A horsehair bed is a type of mattress filled with horsehair, typically sourced from the mane or tail of horses. Horsehair is valued for its resilience, breathability, and moisture-wicking properties, which make it an ideal natural filling material for bedding. It has been used in luxury mattresses since at least the 18th century, particularly in Europe.

Horsehair mattresses are noted for their temperature regulation and long-lasting support. The hollow structure of horsehair fibers allows for constant air circulation, keeping the bed dry and cool throughout the night. Although their use declined in the 20th century with the rise of synthetic materials, horsehair beds are still produced today by premium manufacturers and marketed as eco-friendly, durable alternatives to foam or spring mattresses.

The production of these beds tends to be quite difficult and expensive, as they are made entirely by hand. It takes approximately 350 hours to produce a mattress. Today, there are only a few companies and places in the world that produce them.

== History ==
The use of horsehair in bedding and upholstery dates back several centuries. In Europe, it became a preferred material for high-end mattresses during the 1700s and 1800s, often found in aristocratic homes and luxury furniture. As industrial methods evolved, horsehair was more widely available and used in both residential and commercial furnishings.

== Properties and Benefits ==
Horsehair is naturally hollow and highly elastic. These properties give it exceptional ventilation and the ability to recover its shape over time, making it both breathable and durable. Unlike many synthetic materials, horsehair resists mold, dust mites, and retains its structure for decades with minimal sagging.

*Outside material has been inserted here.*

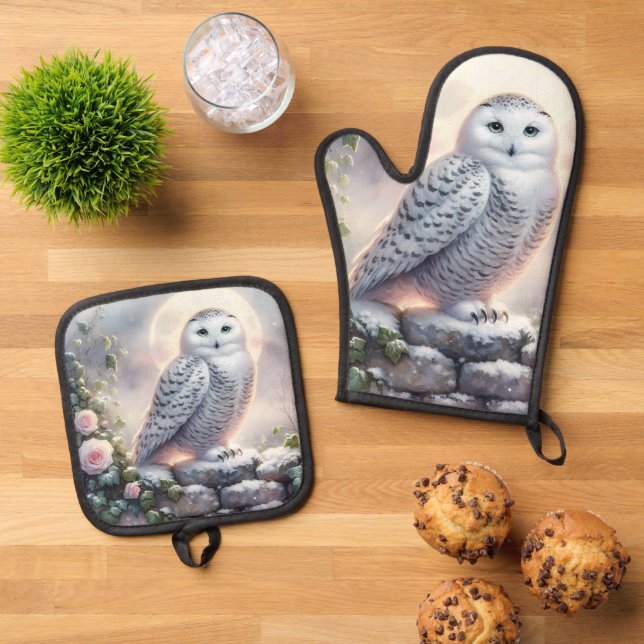 Snowy Owl in Moonlit Winter Garden Ofenhandschuh & Topflappen-Set (Oben Unten)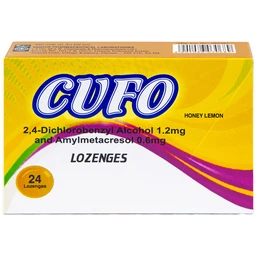 Viên ngậm Cufo vị mật ong chanh hỗ trợ điều trị triệu chứng trong nhiễm khuẩn miệng và họng (2 vỉ x 12 viên)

Additionally, horsehair can absorb and release moisture efficiently, helping to regulate humidity in the sleeping environment.

== Manufacture ==
To prepare horsehair for use in bedding, the raw fibers are washed, combed, and often curled or twisted to increase their springiness. The processed hair is then layered or blended with other natural materials such as wool, cotton, or natural latex. Some manufacturers continue to use traditional hand-stuffing techniques.

== Modern use ==
Today, horsehair beds are considered niche or luxury items. High-end manufacturers such as Hästens (Sweden) and Vispring (UK) continue to produce handcrafted horsehair mattresses, sometimes using thousands of hand-tufts and taking several days to complete a single bed. These beds are popular in luxury hotels and among consumers seeking sustainable, natural sleep solutions.